Coarse-grained modelling of large biomolecular systems

  • Dipartimento di Fisica - Aula 500
  • Seminario

Relatori

Dott. Paolo Merenghetti
Istitutio Italiano di Tecnologia

Dettagli

In parallel with the increase in computational power, coarse-grained (CG) modelling of biomolecules allowed to perform simulations of large biological systems. In CG modelling, one should carefully choose which degrees of freedom can be eliminated without affecting properties of interest. Several coarse-graining levels can be reached depending on how “non-essential” degrees of freedom are treated [1]. Here we describe two approaches used to simplify the representation of biomacromolecules in order to perform large-scale simulations: 1. rigid bodies approximation, 2. “canonical” CG with supra-atomic beads. The first method uses Brownian dynamics to simulate the diffusional motion of macromolecules treated as rigid bodies with atomic details [2]. This method allows to simulate hundreds of macromolecules (~200 nm simulation box) for long timescales (10 μs) and can be used to accurately describe structural and dynamical properties of crowded macromolecular solutions [3]. The method and some applications will be shown. The second approach, “canonical” coarse graining, groups lumps of atoms into supra-atomic beads allowing to preserve the internal flexibility of the macromolecule at the cost of losing atomic details. Simulations here are performed by means of Langevin dynamics. We describe the development and some applications of a coarse-grained (one-bead per residue/base) model [4] that can be applied to proteins and DNA. Some fundamental issues in the coarse-graining process will be discussed in more details, such as the techniques that can be used for the parameterization and the ease of obtaining a CG model for the system of interest [5]. 

References.

  1. Riniker, S., Allison, J. R., and Van Gunsteren, W. F. (2012). On developing coarse-grained models for biomolecular simulation: a review. Physical chemistry chemical physics : PCCP, 14(36), 12423–30.
  2. Mereghetti, P., Gabdoulline, R. R., & Wade, R. C. (2010). Brownian dynamics simulation of protein solutions: structural and dynamical properties.
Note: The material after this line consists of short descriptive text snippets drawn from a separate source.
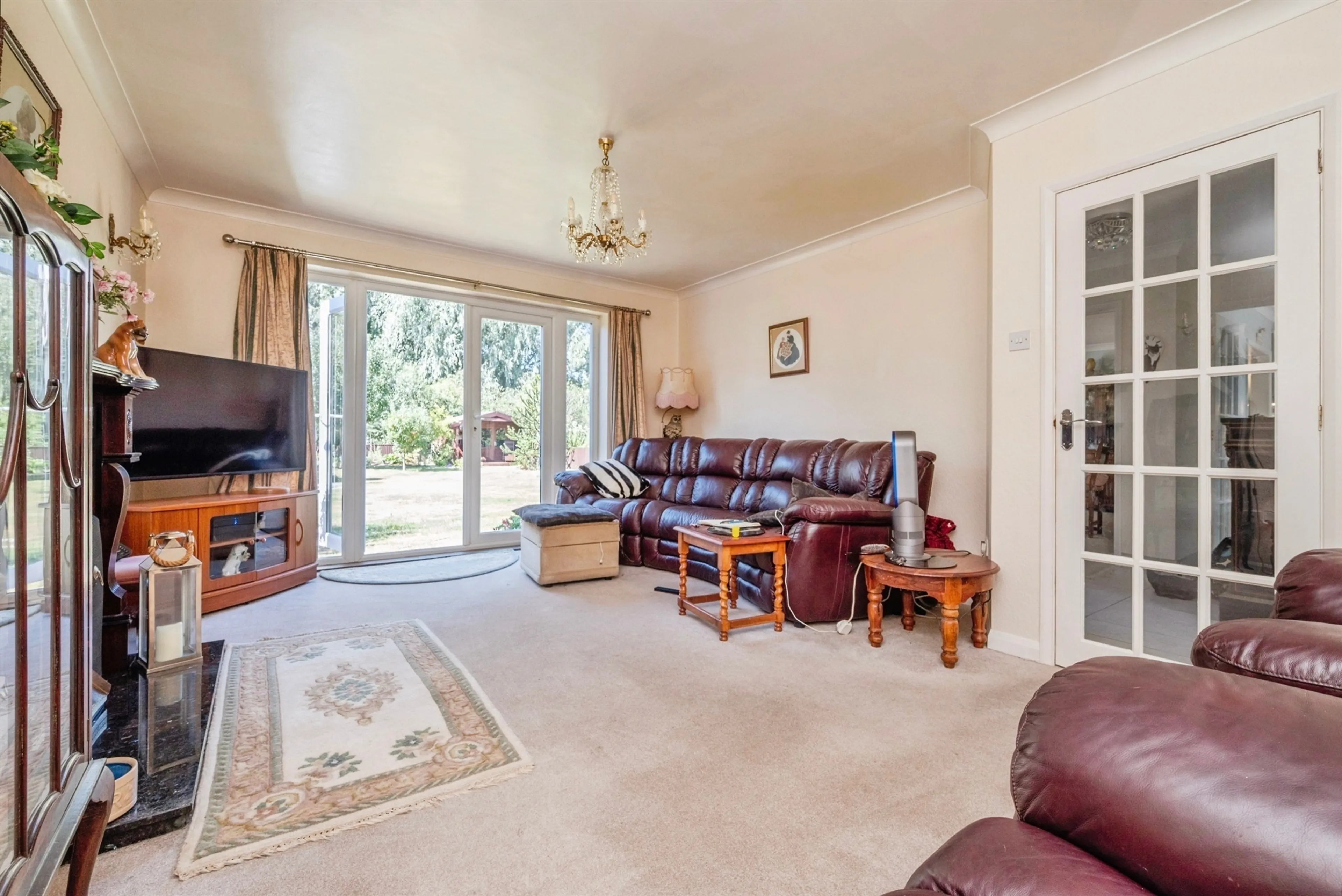 Property at The Street, Sutton, Norwich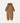 Thumbnail for Lin Baby Snowsuit - Pecan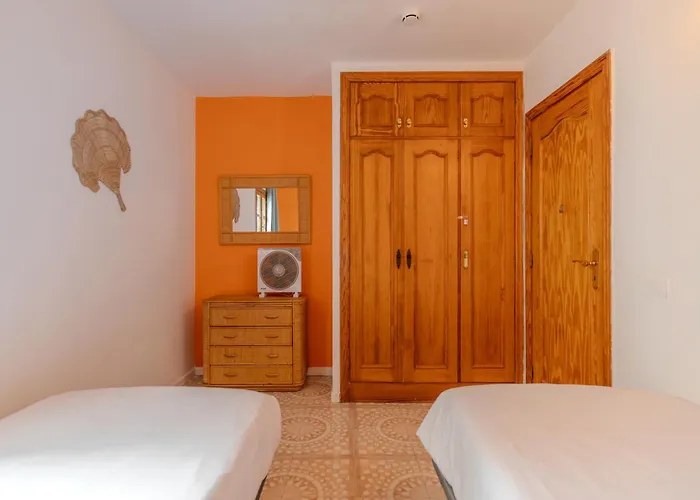 Private Garden Two Bedroom At Fairways Club Apartamento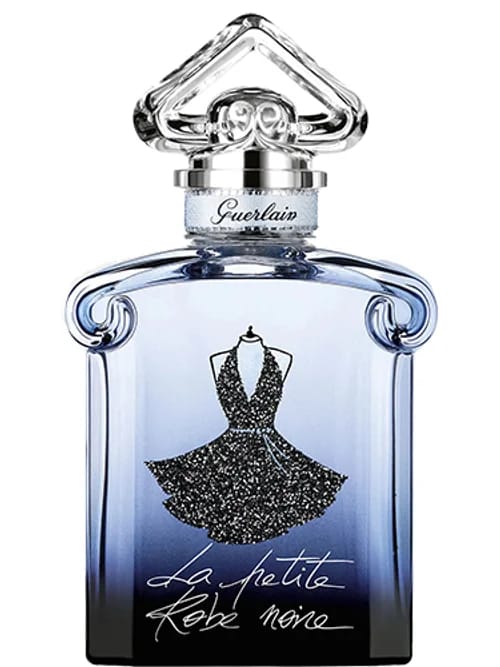 La Petite Robe Noire Ma Robe Sous Le Vent by Guerlain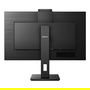 Philips 272S1MH Monitor 27" Full HD IPS 75Hz, HDMI DisplayPort USB 3.2, Altavoces, Cámara 2MP, Adaptive Sync, Negro - 68.6 cm (27")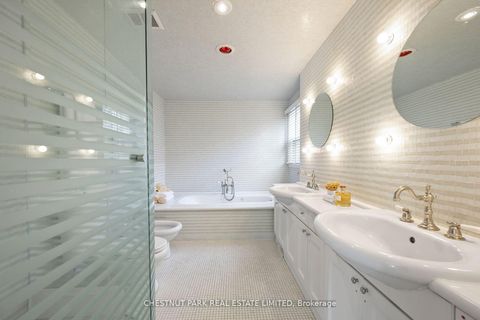 Photo 21 at 87 Lonsdale Road, St. Clair, Toronto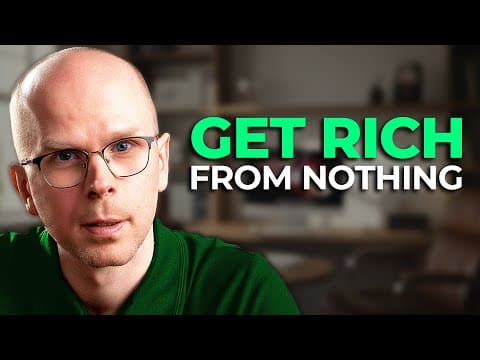 How to Become a Millionaire in Europe on a 9-5 Salary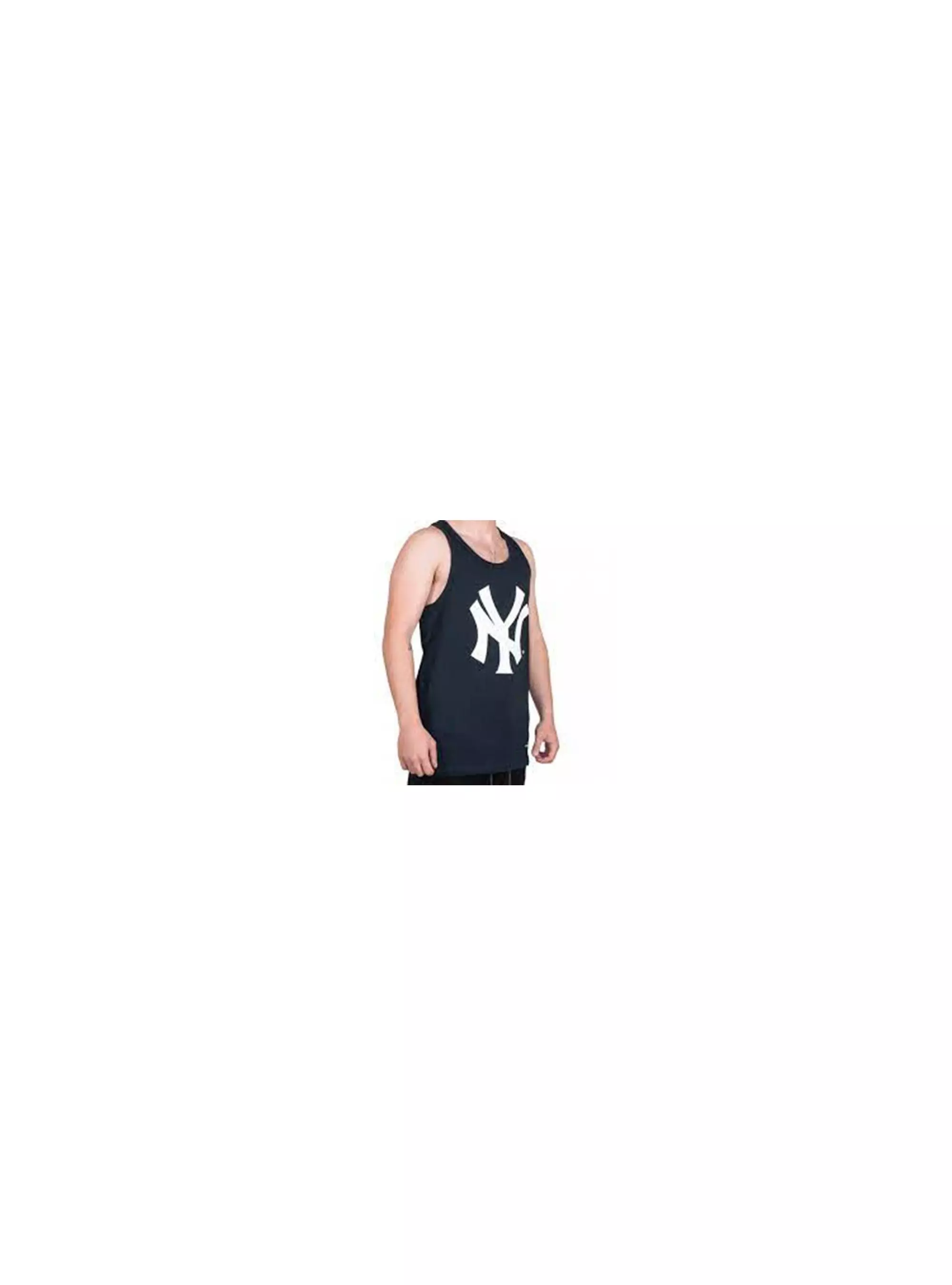 Champion TANK TOP 214651BS501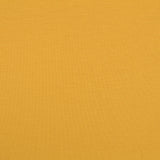 Sweatshirt Fleece Fabric Mustard - Ribes y Casals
Biophys. J., 99(11), 3782–91.
  3. Mereghetti, P., Martinez, M., & Wade, R. C. (2014). Long range Debye-Hückel correction for computation of grid-based electrostatic forces between biomacromolecules. BMC Biophysics, 7(1), 4.
  4. Tozzini, V., & McCammon, J. A. (2005). A coarse grained model for the dynamics of flap opening in HIV- 1 protease. Chemical Physics Letters, 413(1-3)
  5. Mereghetti, P., Maccari, G., Spampinato G., Tozzini, V. AsParaGs. (2015). Assisted parameterization platform for coarse-grained models. PLOS comp. Biol. - submitted.